Assigned task → What is needed is every line of the data that includes the word "Mount". Please copy each one.
- Opening Delimiter -
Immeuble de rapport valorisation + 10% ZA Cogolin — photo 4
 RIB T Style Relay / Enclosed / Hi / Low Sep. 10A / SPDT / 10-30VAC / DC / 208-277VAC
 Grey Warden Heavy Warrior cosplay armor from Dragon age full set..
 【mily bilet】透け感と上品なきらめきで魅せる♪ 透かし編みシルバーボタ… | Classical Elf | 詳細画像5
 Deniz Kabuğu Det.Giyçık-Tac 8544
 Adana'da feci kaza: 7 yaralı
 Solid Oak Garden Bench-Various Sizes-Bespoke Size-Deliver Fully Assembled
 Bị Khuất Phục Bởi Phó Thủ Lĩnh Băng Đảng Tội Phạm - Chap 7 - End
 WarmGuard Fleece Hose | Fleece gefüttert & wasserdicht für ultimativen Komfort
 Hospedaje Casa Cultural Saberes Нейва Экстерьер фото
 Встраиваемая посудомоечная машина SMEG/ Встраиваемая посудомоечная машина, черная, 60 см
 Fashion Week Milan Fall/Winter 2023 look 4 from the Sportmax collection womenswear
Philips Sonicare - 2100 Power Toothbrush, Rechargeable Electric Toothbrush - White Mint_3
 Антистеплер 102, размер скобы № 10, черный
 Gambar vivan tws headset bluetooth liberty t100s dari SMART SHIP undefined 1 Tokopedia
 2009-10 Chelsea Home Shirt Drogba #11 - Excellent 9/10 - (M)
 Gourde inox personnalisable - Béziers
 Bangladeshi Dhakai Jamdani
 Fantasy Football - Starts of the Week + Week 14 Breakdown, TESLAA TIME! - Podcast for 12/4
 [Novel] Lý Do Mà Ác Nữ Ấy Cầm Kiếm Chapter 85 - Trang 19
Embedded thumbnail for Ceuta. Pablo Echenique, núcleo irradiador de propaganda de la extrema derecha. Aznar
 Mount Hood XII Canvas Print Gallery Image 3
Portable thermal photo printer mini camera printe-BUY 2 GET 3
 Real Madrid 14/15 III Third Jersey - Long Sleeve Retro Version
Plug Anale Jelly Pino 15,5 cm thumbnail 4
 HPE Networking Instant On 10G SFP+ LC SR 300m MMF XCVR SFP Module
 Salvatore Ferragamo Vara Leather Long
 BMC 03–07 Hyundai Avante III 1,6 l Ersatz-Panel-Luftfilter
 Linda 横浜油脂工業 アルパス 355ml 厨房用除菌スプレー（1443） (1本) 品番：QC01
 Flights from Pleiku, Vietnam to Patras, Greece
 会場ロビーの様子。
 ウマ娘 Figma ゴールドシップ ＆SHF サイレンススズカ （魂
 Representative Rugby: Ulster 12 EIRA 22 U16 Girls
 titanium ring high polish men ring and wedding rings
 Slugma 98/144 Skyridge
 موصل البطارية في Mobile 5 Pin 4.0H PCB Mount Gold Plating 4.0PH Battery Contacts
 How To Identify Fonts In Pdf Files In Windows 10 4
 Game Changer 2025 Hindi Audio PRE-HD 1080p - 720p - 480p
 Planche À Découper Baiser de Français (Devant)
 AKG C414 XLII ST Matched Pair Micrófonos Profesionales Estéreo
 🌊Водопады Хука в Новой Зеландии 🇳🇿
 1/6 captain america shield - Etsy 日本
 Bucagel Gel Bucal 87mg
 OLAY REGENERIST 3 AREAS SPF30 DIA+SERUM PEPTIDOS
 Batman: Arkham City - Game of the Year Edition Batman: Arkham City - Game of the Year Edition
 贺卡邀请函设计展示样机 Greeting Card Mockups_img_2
- Closing Delimiter -
Result of the exercise →
 Mount Hood XII Canvas Print Gallery Image 3
 موصل البطارية في Mobile 5 Pin 4.0H PCB Mount Gold Plating 4.0PH Battery Contacts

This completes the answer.